Weigel

What’s in Plan B, Anyway?

My colleague Matthew Yglesias characterizes the “sequester replacement” Plan B bill as a “Christmas tree” for conservatives, packed with stuff they can’t get any other way. You can read the bill at this link, a few hours before Republicans try to pass it. (Remember when there was going to be 72 hours to read every new bill? Oh, the halcyon days of 2011.)

This is basically true, though because this sequester replacement is largely identical to the one passed in May, not many people noticed. Among the highlights:

Ending the co-ops created by the Affordable Care Act. This was a sort of replacement for the beloved “public option,” money available to private insurers willing to create new affordable programs.

Ending the Prevention and Public Health Fund created by the Affordable Care Act.

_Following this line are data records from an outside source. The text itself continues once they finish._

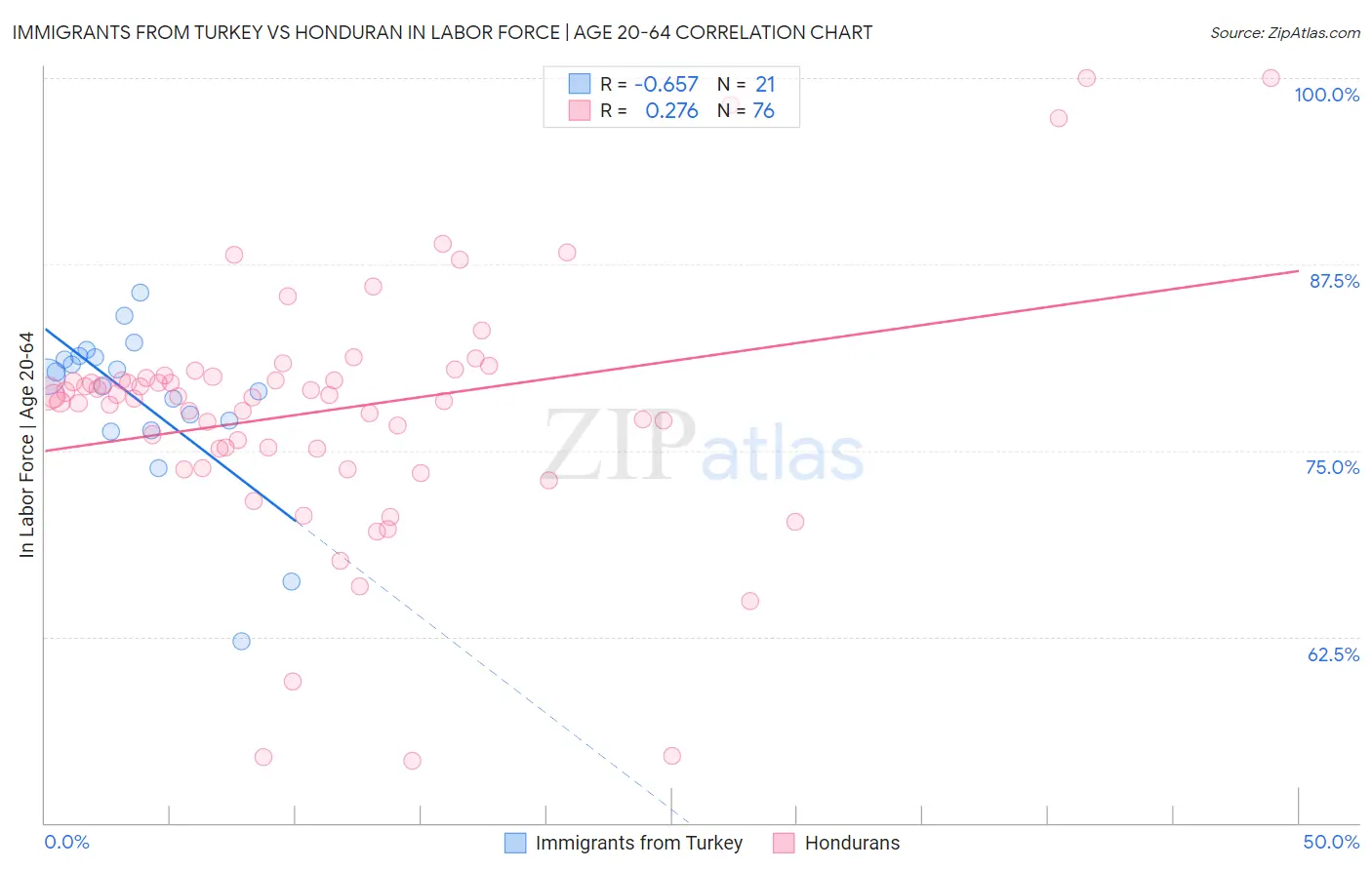 Immigrants from Turkey vs Honduran In Labor Force | Age 20-64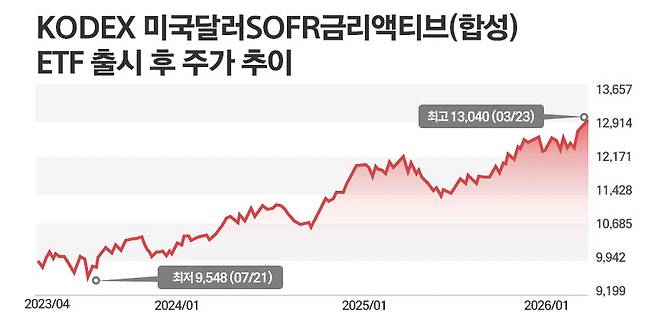 / 그래픽=정승아 디자이너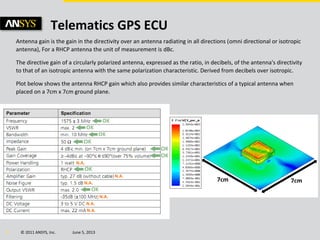 © 2011 ANSYS, Inc. June 5, 20139
Telematics GPS ECU
Antenna gain is the gain in the directivity over an antenna radiating in all directions (omni directional or isotropic
antenna), For a RHCP antenna the unit of measurement is dBc.
The directive gain of a circularly polarized antenna, expressed as the ratio, in decibels, of the antenna's directivity
to that of an isotropic antenna with the same polarization characteristic. Derived from decibels over isotropic.
Plot below shows the antenna RHCP gain which also provides similar characteristics of a typical antenna when
placed on a 7cm x 7cm ground plane.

Like it sounds.

Ending the Home Affordable Modification Program. This was the big federal attempt to bail people out of bad mortgages; Republican say it failed, and it should go.

Tort reform. It folds the GOP’s model for this, the HEALTH Act, into the budget cut.

Cutting funding for job retraining. It falls from $90 million to $79 million.

As Yglesias says, the main importance of this stuff is to highlight what Republicans will demand in the next, real round of negotiations. How do you buy off the votes? With cuts to social services, unspooling Obamcare, things like that. I asked outgoing Rules chairman David Dreier which of these things might be negotiable, and he didn’t name any right away. “These are items that Democrats have supported in words, if not in votes,” he said. Indeed. The May version of this bill got only 218 total votes, losing most Republicans.